Seguramente, ela compunha o quadro de mulheres dessas. Servir plenamente. Em quaisquer circunstâncias. Prontas a se dedicarem pelo outro; pelos outros. Dedicadas a vida toda a essa causa: os outros, os quais, quaisquer, vêem como seus.
E assim o são admiráveis mulheres modernas. De suas antepassadas decerto são profundamente admiradoras. Decerto têm-nas como mulheres sem as quais não haveria o hoje. Decerto reverenciam-nas como a matriz, a fonte da vida dada às vidas outras, suas próximas e semelhantes. Decerto, por isso, as amam incondicionalmente.
Todavia, conquanto assim sejam, já não poderiam mais a elas se igualarem, nem serem iguais a elas. E isso, sobretudo, para continuarem a laboração pela própria causa delas: a vida pela vida dos outros, seu próximo, seu semelhante.

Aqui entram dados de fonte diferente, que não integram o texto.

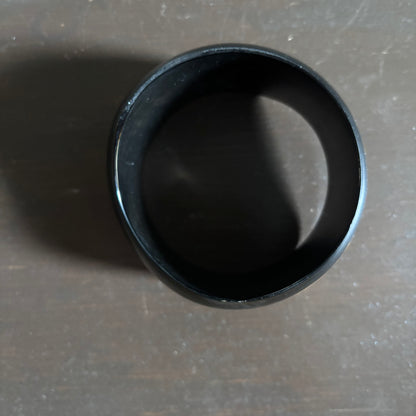 Chunky Black and Yellow Bangle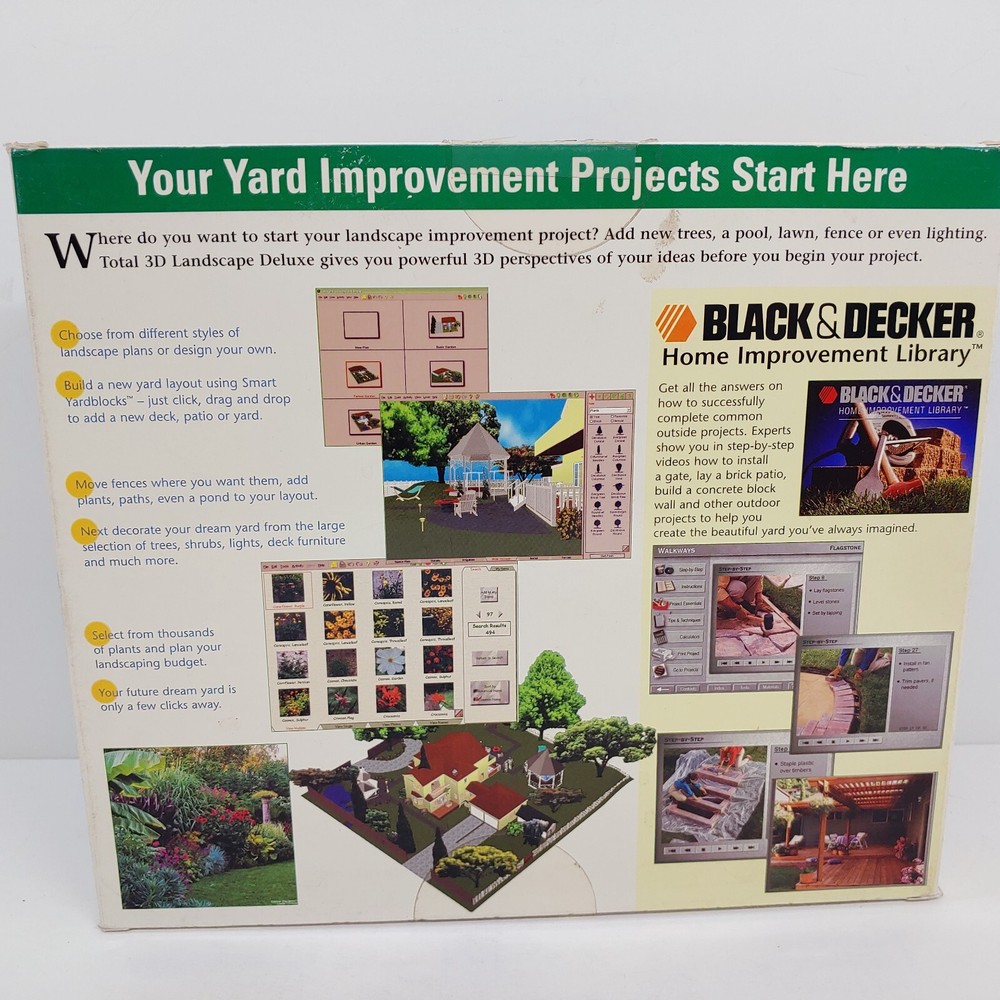 Total 3D Landscape Deluxe PC Program 2002 New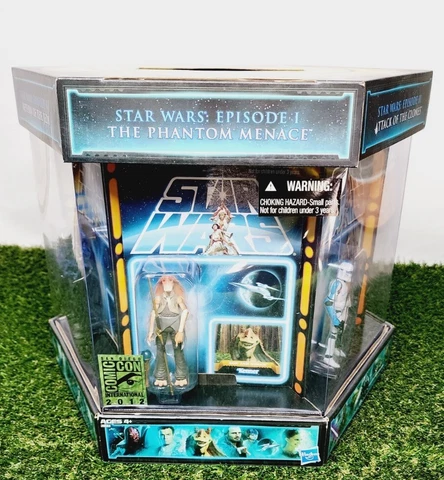 Carbon Freeze Chamber Star Wars SDCC Vintage Collection Jar Jar Binks Mint cond Cover
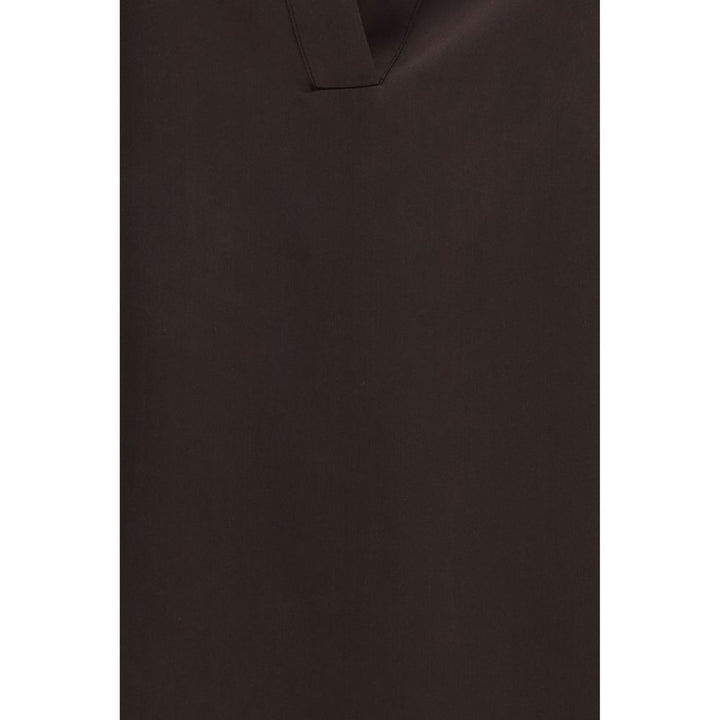 Tom Ford Brown Silk Dress Shirt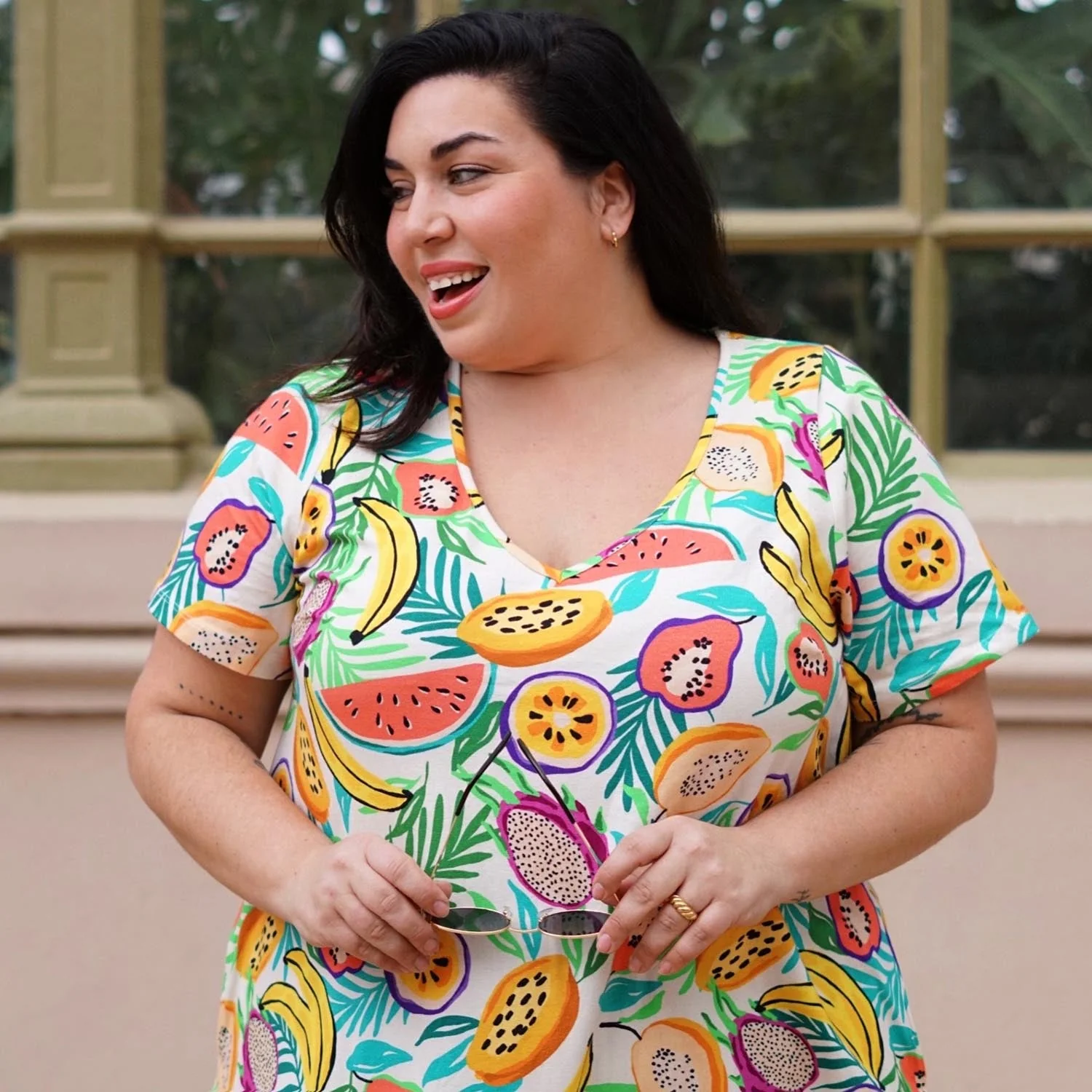 Organic Club Tropicana Day/Nightdress With Sleeves - Zenithce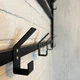 Вешалка в прихожую Nice & Cozy Hallway Grid разборная черная 110378 - изображение 5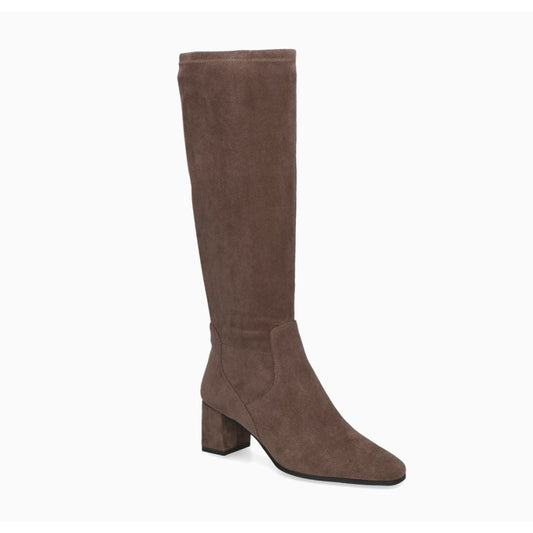 Womens Caprice Cafe Stretch Boots Brown
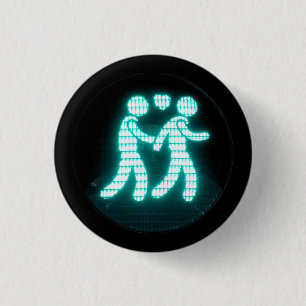 Badge Rond 2,50 Cm Bouton piétonnier gai de signal
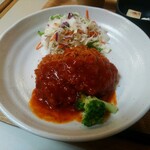 The University DINING - メインディッシュ 〜メンチカツ ミートソース
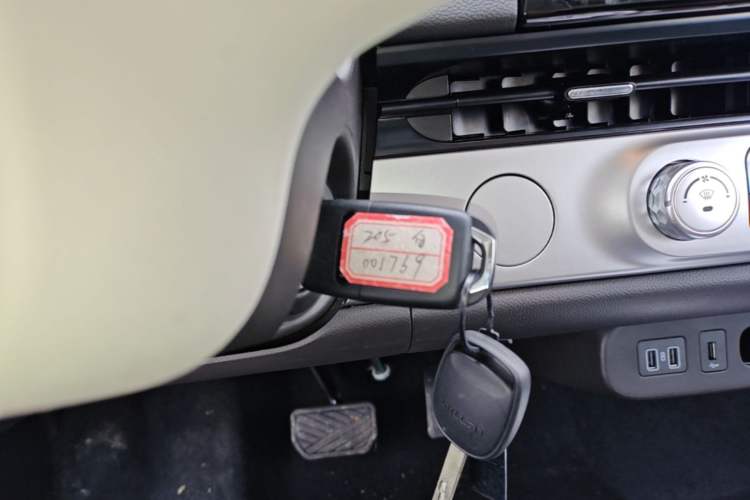 Used CHANGAN NEVO Lumin 2026 Model Treasure Edition 205km Beloved Beige Guoxuan Vehicle Key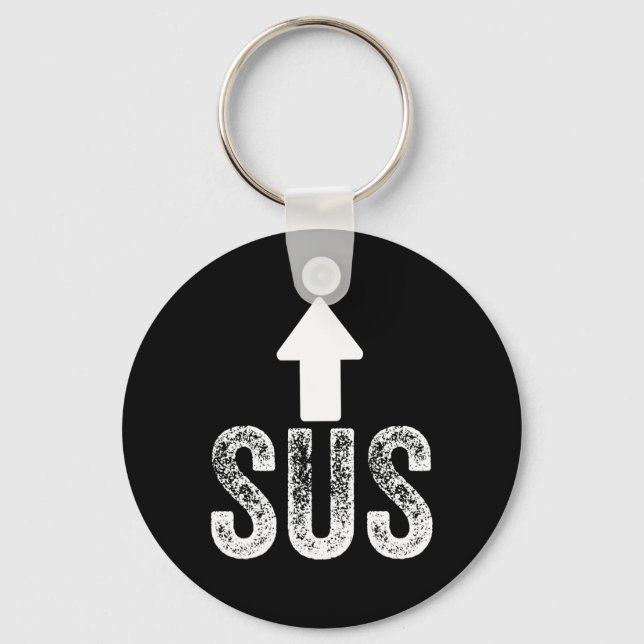 Kinda Sus Game Idk Bro Bruh Meme Funny Video Gamer Key Ring (Front)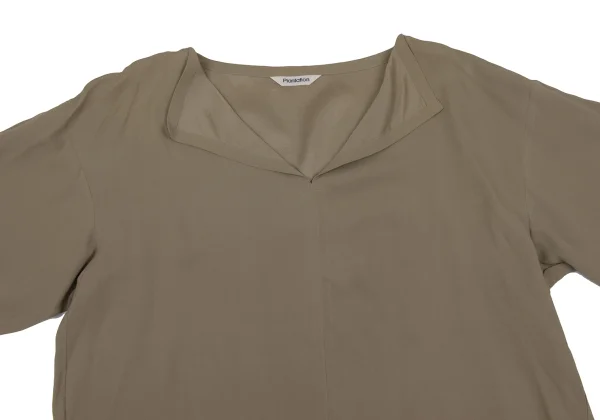 Plantation Silk Skipper Blouse K-166793_003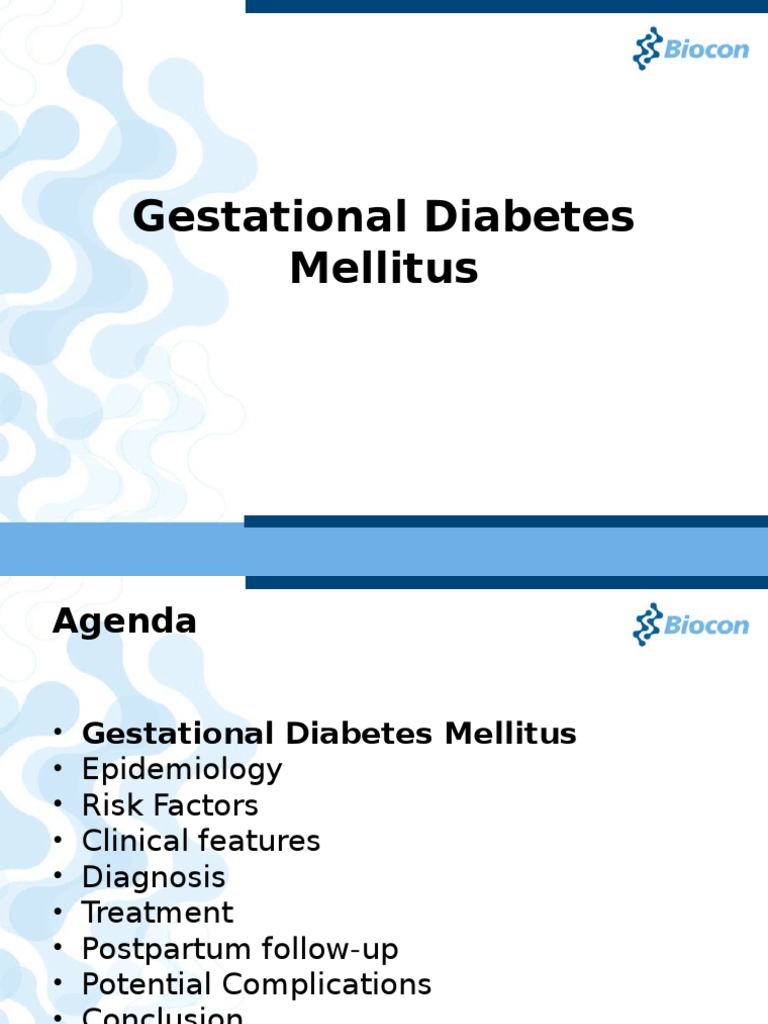 Insulin in GDM Ver 2.0 PDF Gestational Diabetes Diabetes Mellitus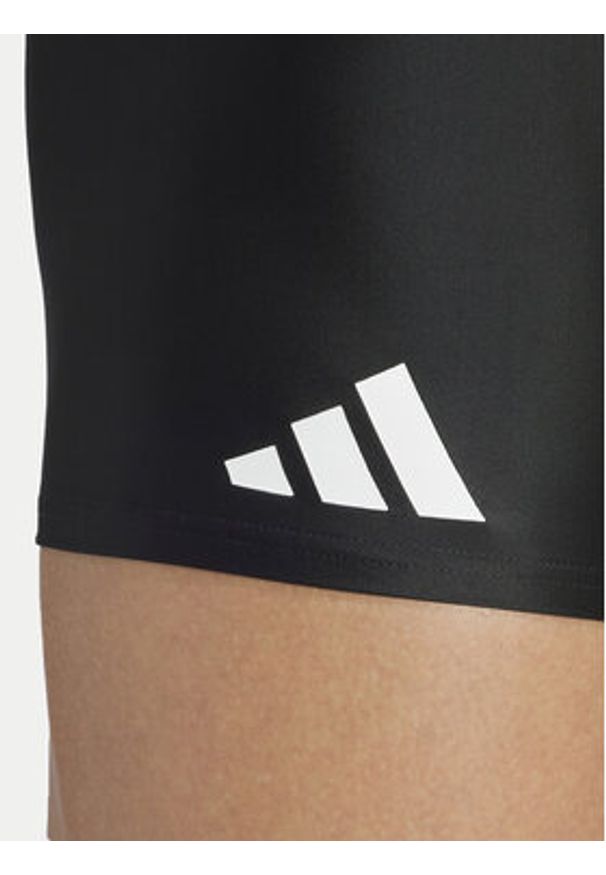 Adidas - adidas Kąpielówki Solid IA7091 Czarny. Kolor: czarny. Materiał: syntetyk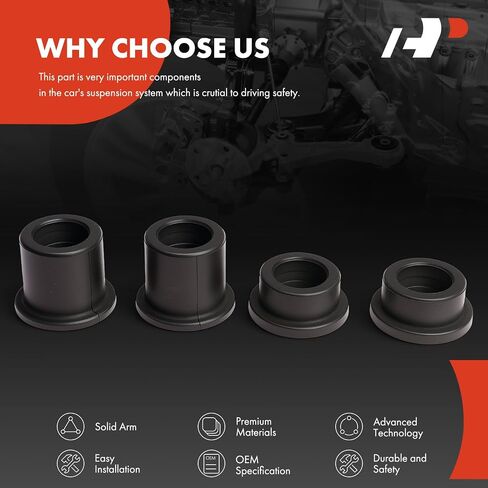 A-Premium A Set of Rack and Pinion Mount Bushing Kit, Compatible with Toyota Tundra 2003-2006, Sequoia 2001-2007 in Saudi Arabia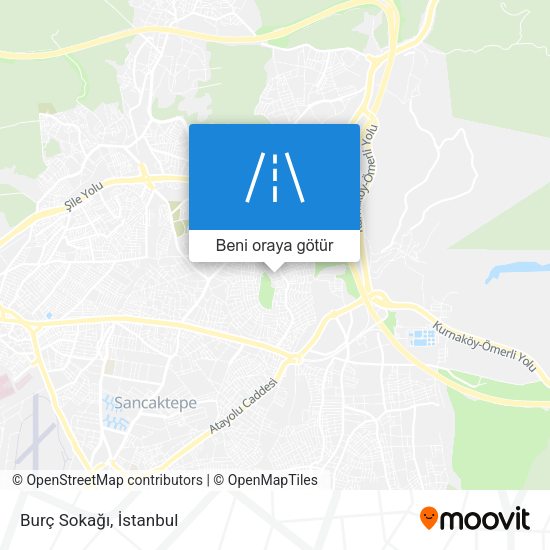 Burç Sokağı harita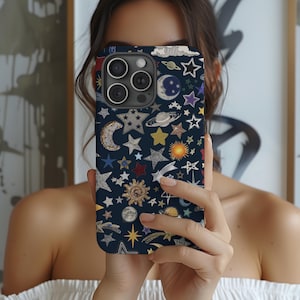 Y2K Phone Case Stars Grunge Aesthetic Trendy Unique Phone Case iPhone 16 15 14 13 12 11 Pro Max Samsung Galaxy s24 s23 s22 Pixel 8 7 6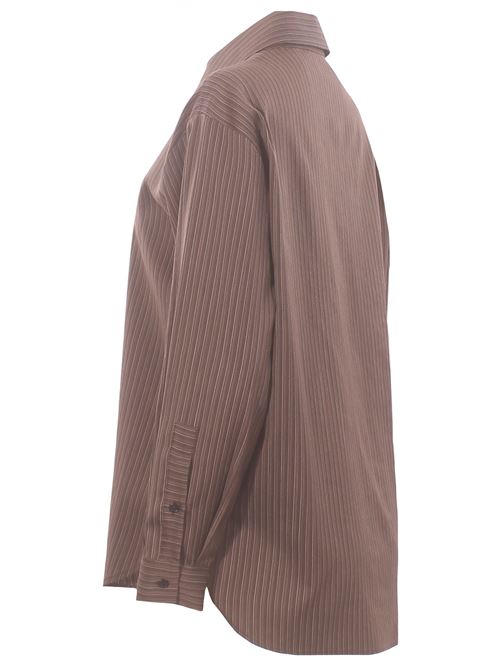 Camicia rigata in lana e seta ALYSI | 166259A6235CAFFE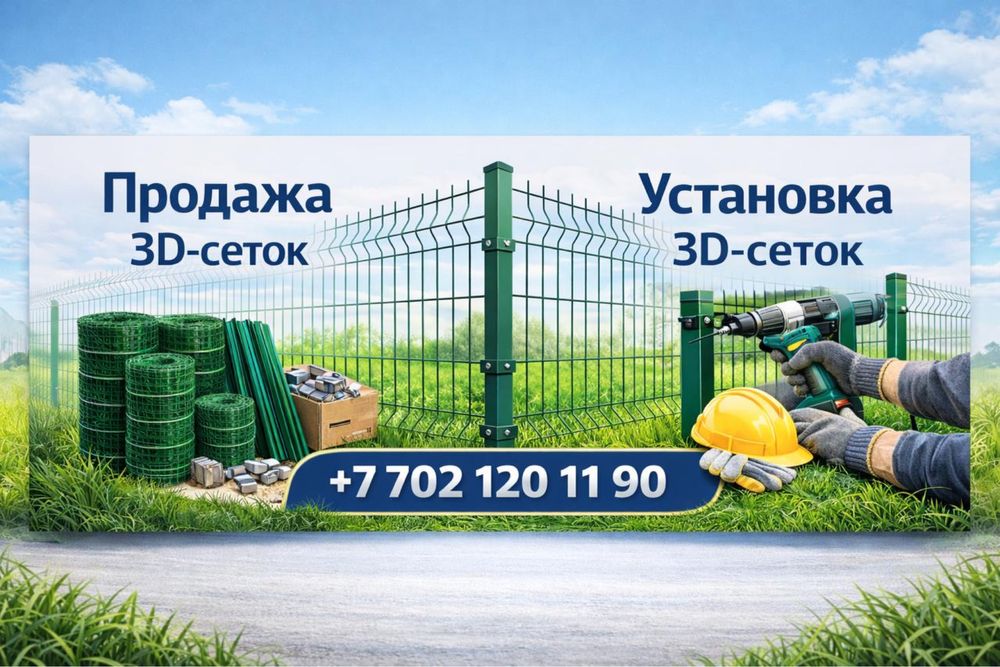 Сетка 3д /Евро забор/ калитки /ворота/ продажа 3д сетки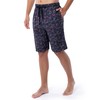 Van Heusen Men's Printed Rayon Sleep Short, Navy/Flamingos, XX-Large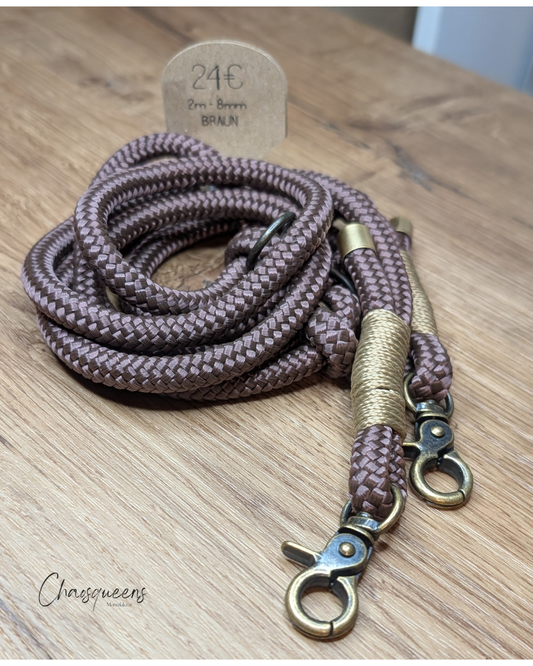 Führleine Braun Mini 2m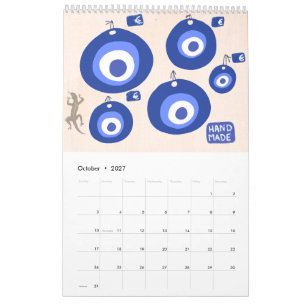 Cenário Grego de Rodes & Padrões Calendário de Coz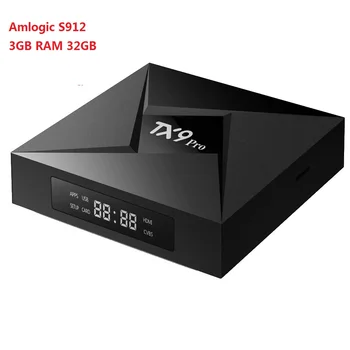 

VHXSIN 50 PCS/lot 2018 newest TV Box Android 7.1 OS RAM 3G 32G ROM Amlogic S912 Octa-Core BT 4.1 TX9 PRO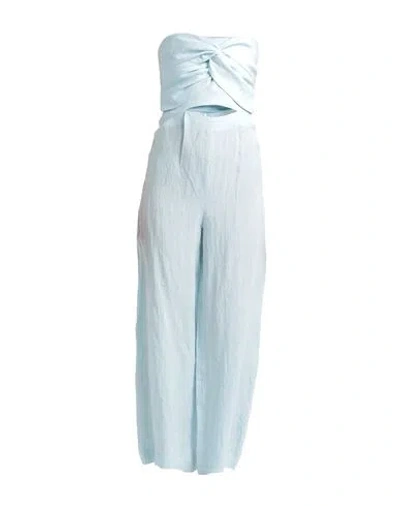 Forte Dei Marmi Couture Woman Jumpsuit Sky Blue Size 6 Linen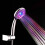 Led 7 Colors Light Quick Flash Shower Head Bathroom Tools Abs Interface 20mm 3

Agora, para que essa mesma causa se preservasse, já não poderiam continuar pelas mesmas vias. Daí que, distintamente daquelas, refutaram, com iguais labutas, sem nunca deixarem de servir, a submissão. Sem nunca deixarem de ser muitas, sendo uma, rechaçaram a subserviência. Servidoras, sim, porém não mais serviçais. Servir, sim, porém não mais servis. Ser para os outros, sim, porém sem servidão. Verdadeiramente, senhoras perante senhores. Donas perante donos. Profissionais perante profissionais. Não fêmeas perante machos, mas, sim, verdadeiramente, mulheres perante homens.
Seguramente, ela compunha o quadro de mulheres dessas. Seu inesperado, abrupto, inimaginável desaparecimento, porque precocíssimo, causou profundo abalo em todos: os outros, esses que fomos sempre a sua causa.